Results of a new study indicate that the XL888 inhibitor can prevent resistance to vemurafenib (Zelboraf, Hoffman-La Roche), a drug widely used for treating melanoma patients.
Tampa, Fla. - Results of a new study indicate that the XL888 inhibitor can prevent resistance to vemurafenib (Zelboraf, Hoffman-La Roche), a drug widely used for treating melanoma patients.
Researchers at Moffitt Cancer Center, here, and colleagues in California found that vemurafenib resistance is characterized by a diminished apoptosis response and that the balance between apoptosis and cell survival is regulated by a family of proteins. The survival of melanoma cells is controlled, in part, by the anti-apoptotic protein Mcl-1, which is regulated by a particular kind of inhibitor.
The current findings, tested in six different models of vemurafenib resistance and in both test-tube studies and melanoma patients, demonstrate an induced apoptosis response and tumor regression when the XL888 inhibitor restored the effectiveness of vemurafenib.
In a statement issued by Moffitt Cancer Center, study co-author Kieran S.M. Smalley, Ph.D., says, “The impressive clinical response of melanoma patients to vemurafenib has been limited by drug resistance, a considerable challenge for which no management strategies previously existed. However, we have demonstrated for the first time that the heat shock protein-90 (HSP90) inhibitor XL888 overcomes resistance through a number of mechanisms.”
The HSP90 family was known to maintain cancer cells by regulating cancer cells, making it a good target for treatment. According to the authors, the combination of vemurafenib and XL888 overcame vemurafenib resistance by targeting HSP90 through multiple signaling pathways.

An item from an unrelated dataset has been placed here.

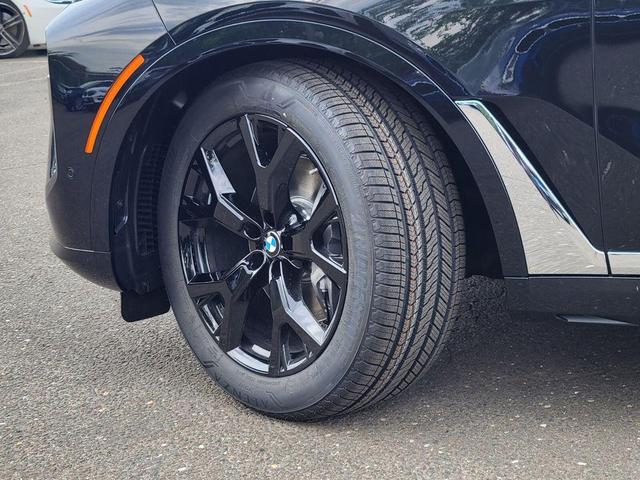 Photo of 2026 Black BMW X7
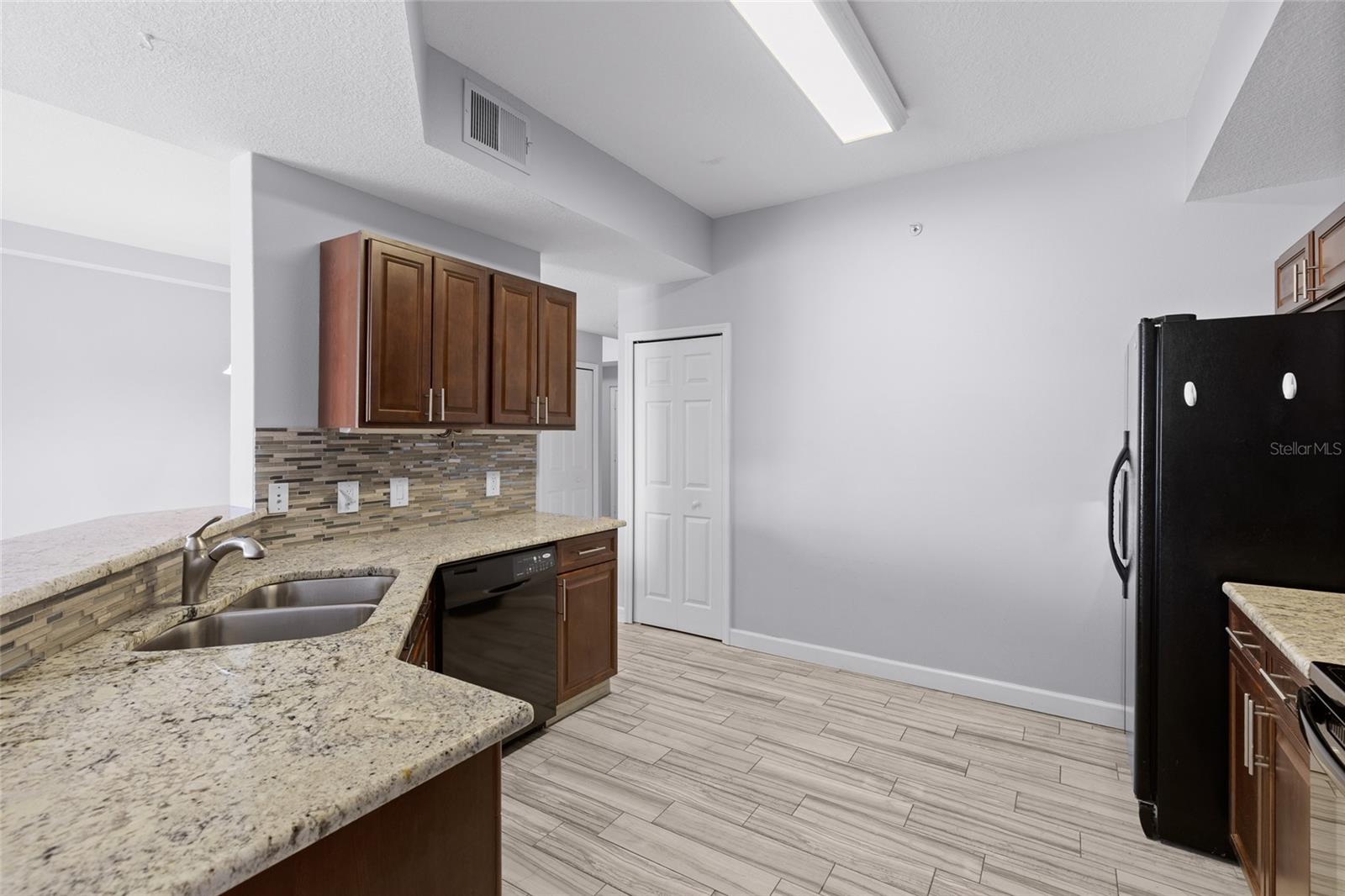 6336 Buford St #801 Property Photo 2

“We have shown for the first time that all of the signaling proteins implicated in vemurafenib resistance are ‘clients' of HSP90 and that inhibition of HSP90 can restore sensitivity to vemurafenib,” the researchers write. “Our study provides the rationale for the dual targeting of HSP90 with XL888 and vemurafenib in treating melanoma patients in order to limit or prevent chemotherapy resistance.”
The study appears in the journal Clinical Cancer Research.